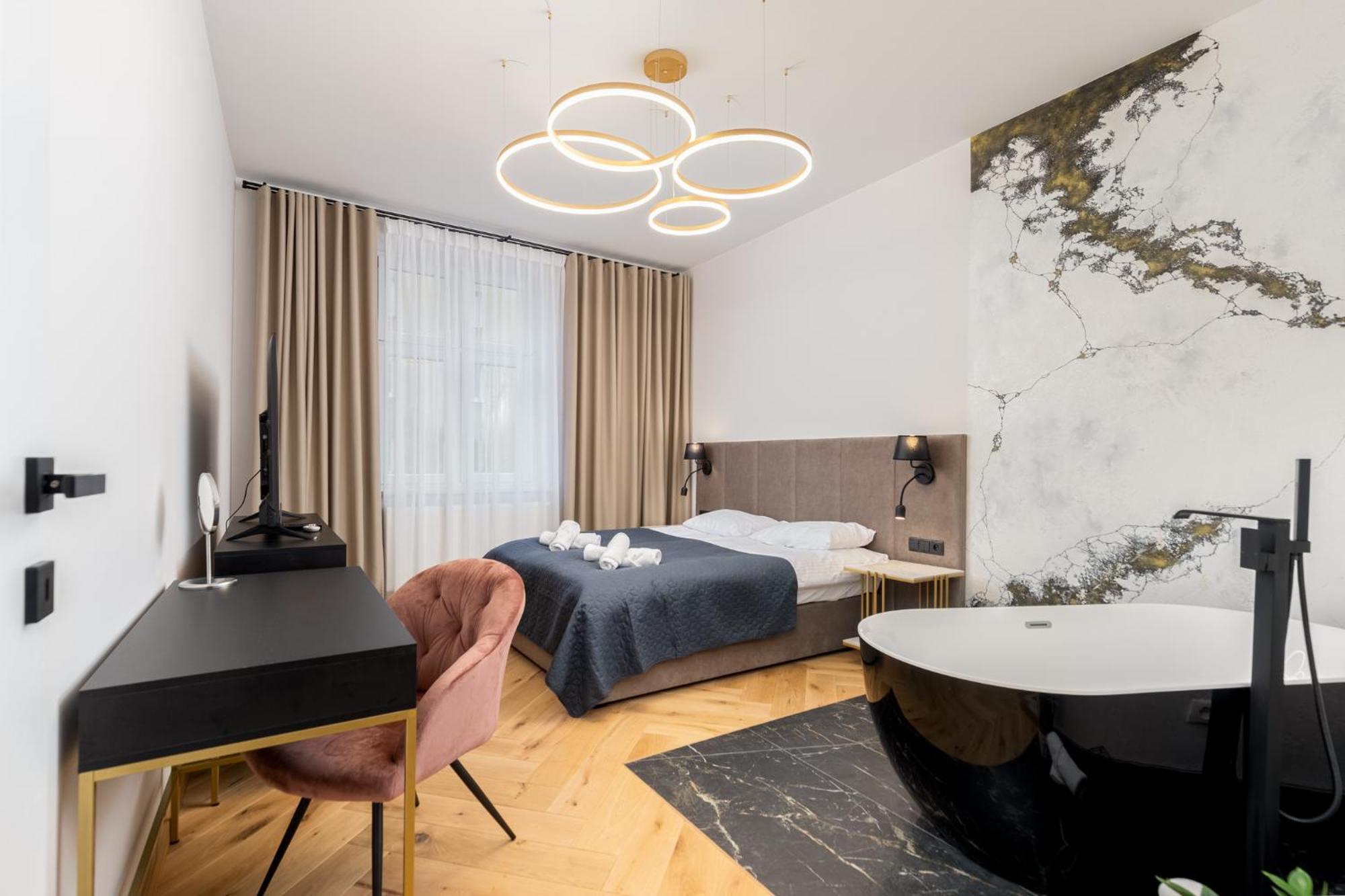 Apartment Bedrooms With Sauna&bath And Free Parking *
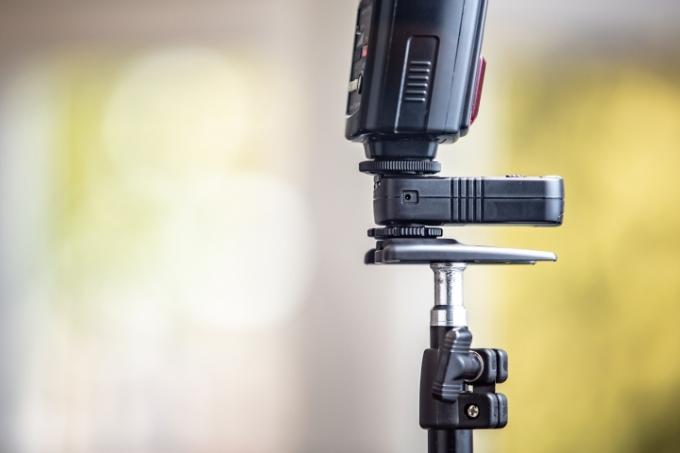 Демистифицирайте светкавицата на фотоапарата с 4 прости съвета за снимане със светкавица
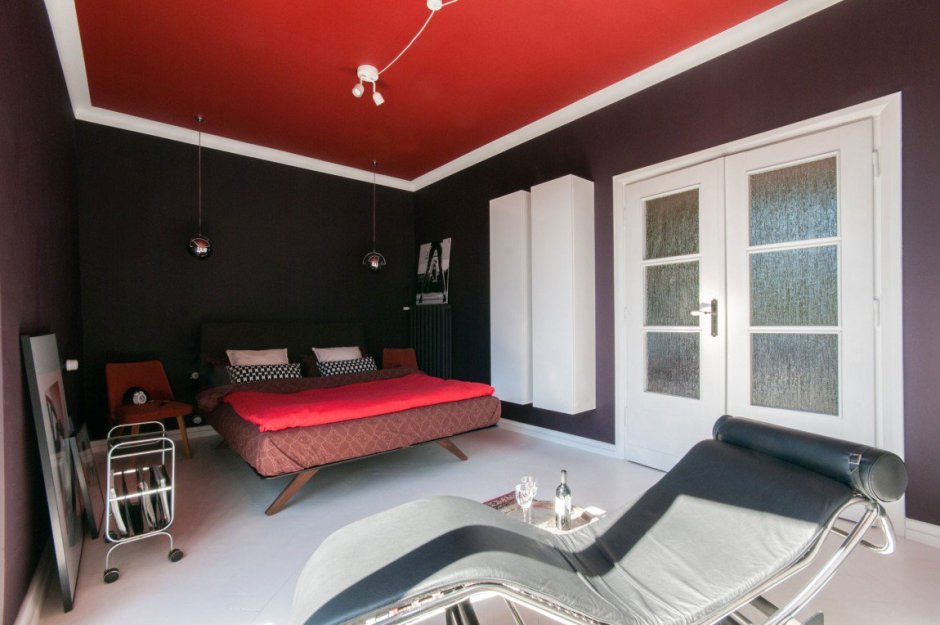 Красный натяжной потолок в спальне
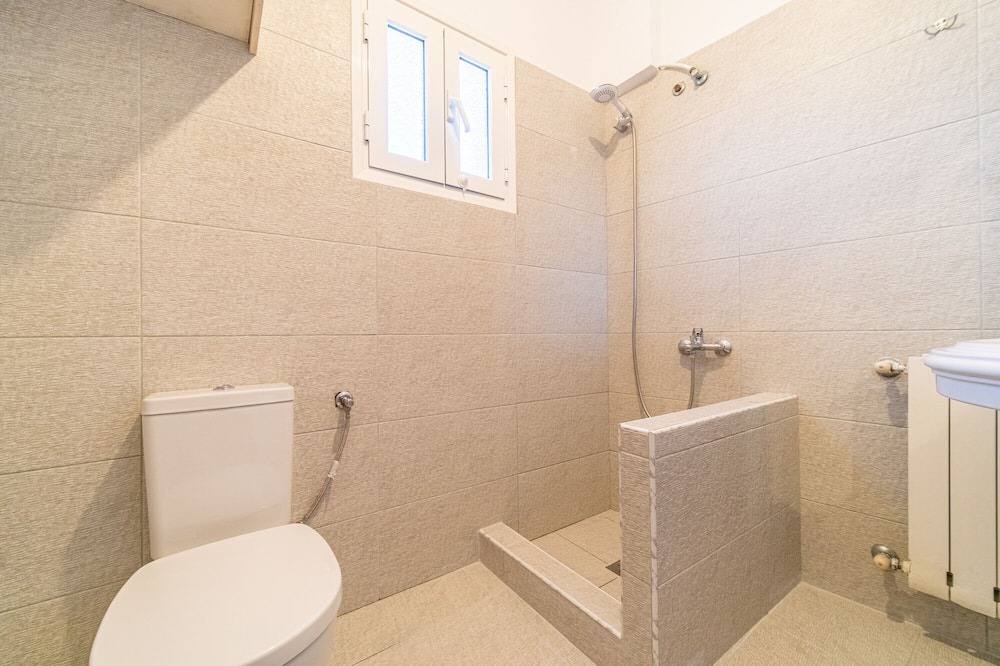 Photo of Bathroom in Kato Korakiana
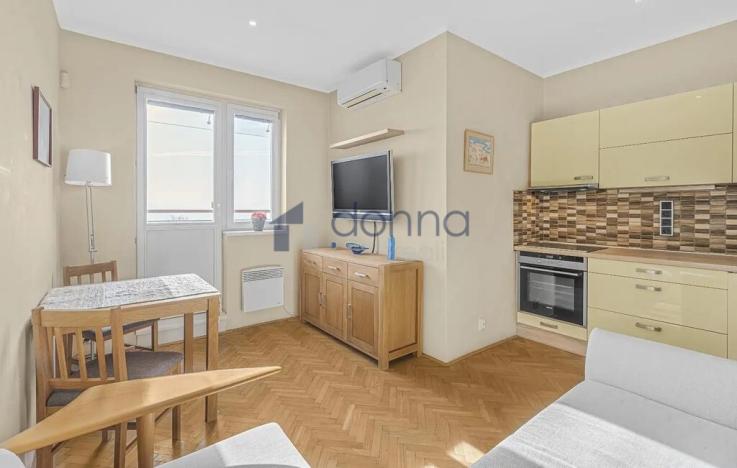 Pronájem bytu 1+kk, Praha, Sobotecká, 24 m2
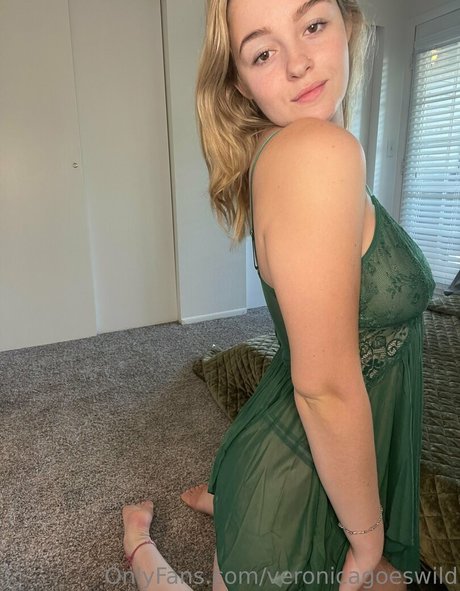 veronicagoeswild star exclusive photo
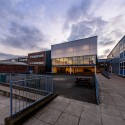 Haydon School Activity Hall / Nick Baker Architects Haydon School Activity Hall / Nick Baker Architects © Hamish Park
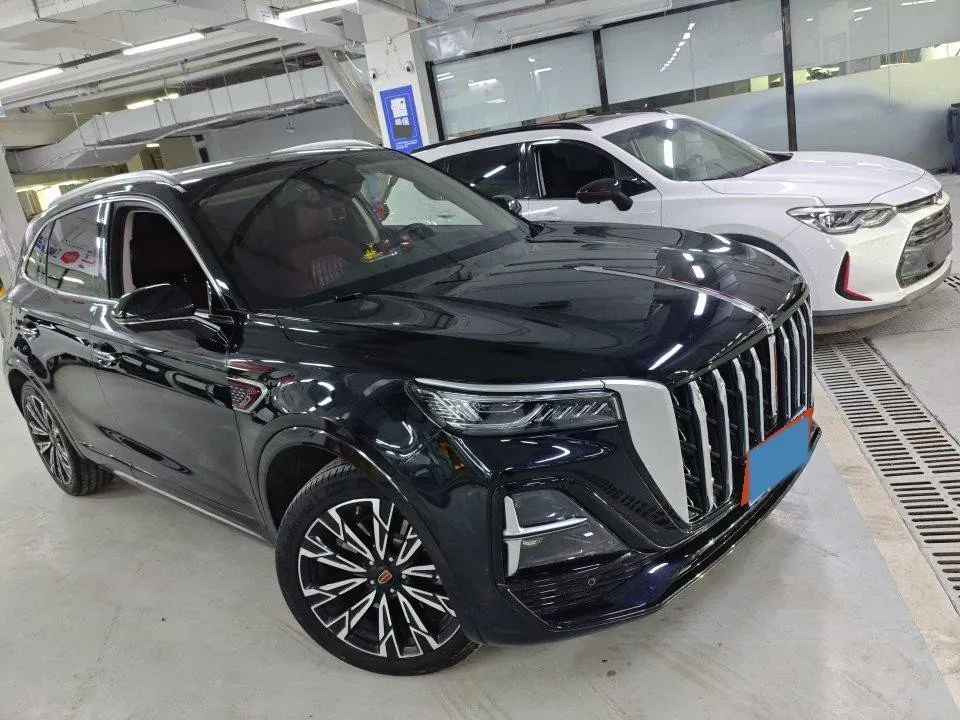 2025 HongQi HS5 2.0T 252HP L4 8AT,autocango,china used car exporter,china ev exporter,chinese used car exporter,chinese used ev exporter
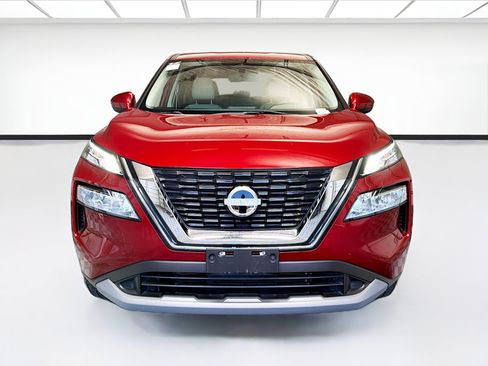 Used 2023 Nissan Rogue SV FWD image 2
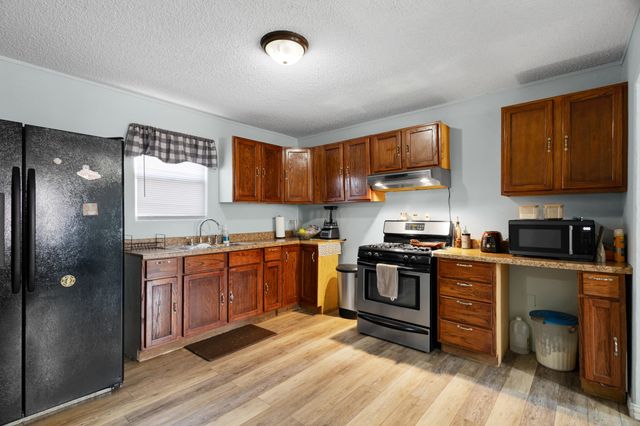 1409 18th Street, Bridgeport, TX 76426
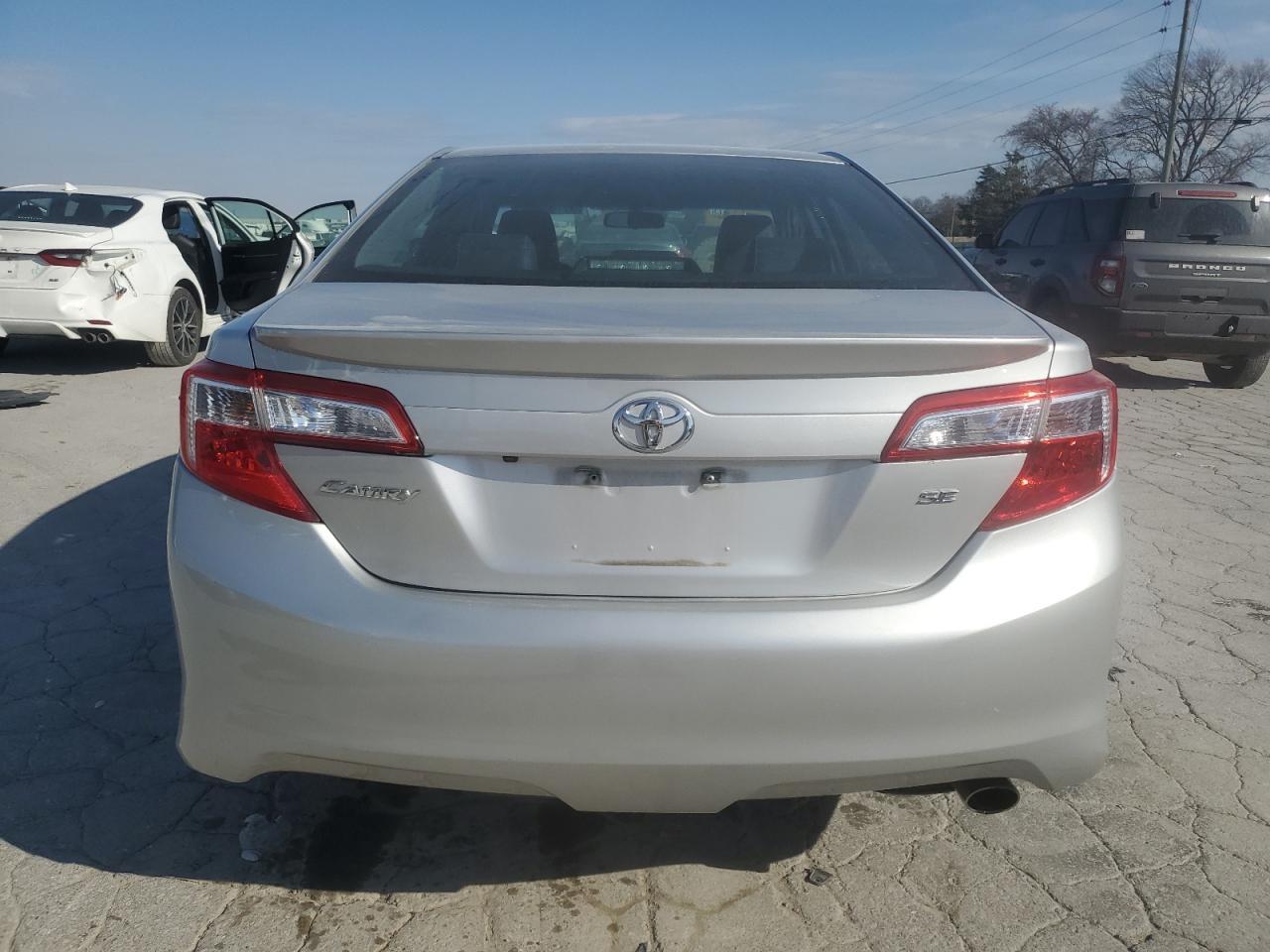 2014 TOYOTA CAMRY L - Фото 6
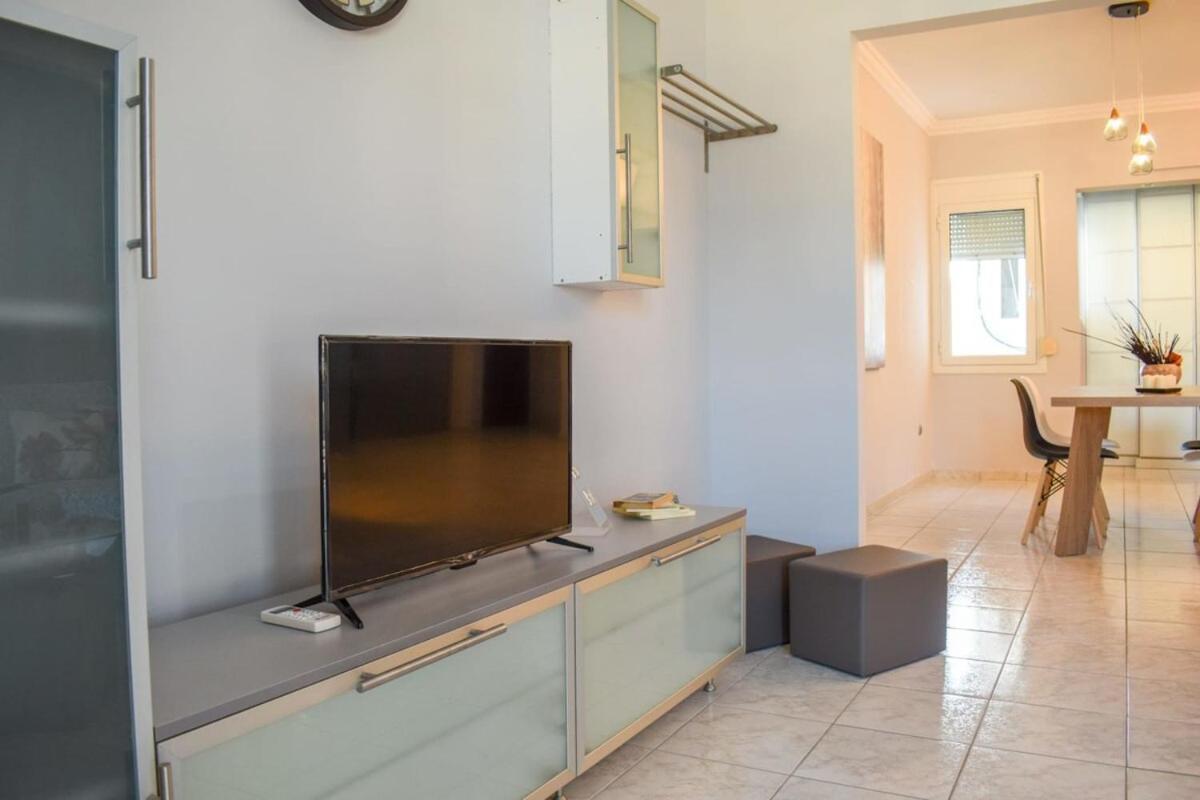 Cozy Flat On The Main Square, 10Min To The Sea Villa Kalamata Luaran gambar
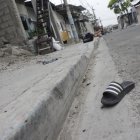 Una zapatilla, que pertenecería al joven, quedó tirada sobre la calzada.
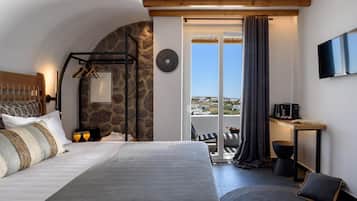 Minibar, caja de seguridad en la habitación y decoración personalizada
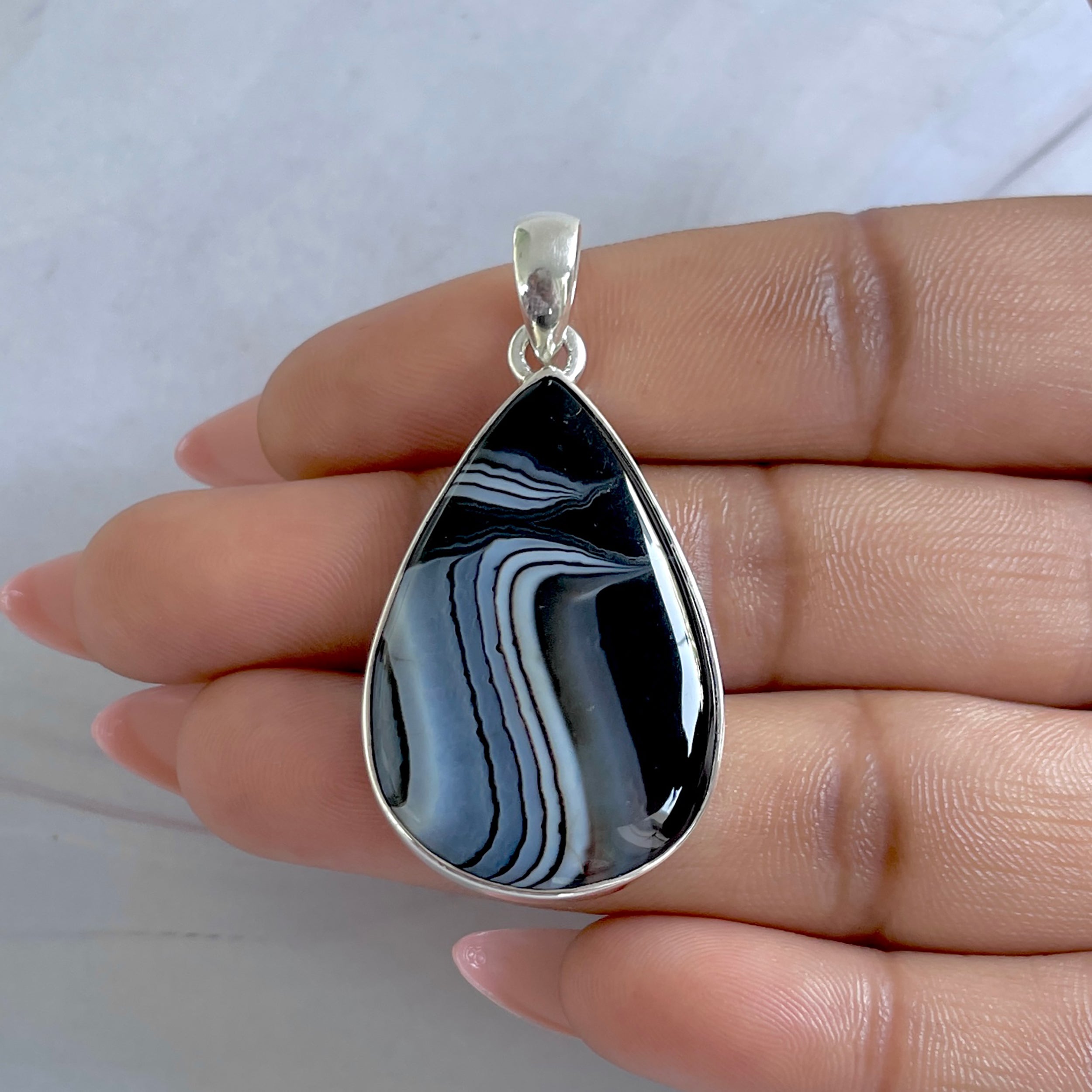 Banded Agate Pendant-(BAG-P-95.)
+-------+
#### Exercise prompt
Starting at the line that holds "Photo of Bathroom in Kato Korakiana", copy each line exactly through the end of the listing, both ends included. Leave the pictures out.

#### Finished exercise
 Photo of Bathroom in Kato Korakiana
 Pronájem bytu 1+kk, Praha, Sobotecká, 24 m2
 veronicagoeswild star exclusive photo
 Haydon School Activity Hall / Nick Baker Architects Haydon School Activity Hall / Nick Baker Architects © Hamish Park
 2025 HongQi HS5 2.0T 252HP L4 8AT,autocango,china used car exporter,china ev exporter,chinese used car exporter,chinese used ev exporter
 Used 2023 Nissan Rogue SV FWD image 2
 1409 18th Street, Bridgeport, TX 76426
 2014 TOYOTA CAMRY L - Фото 6
 Cozy Flat On The Main Square, 10Min To The Sea Villa Kalamata Luaran gambar
 Una zapatilla, que pertenecería al joven, quedó tirada sobre la calzada.
 Minibar, caja de seguridad en la habitación y decoración personalizada
 Banded Agate Pendant-(BAG-P-95.)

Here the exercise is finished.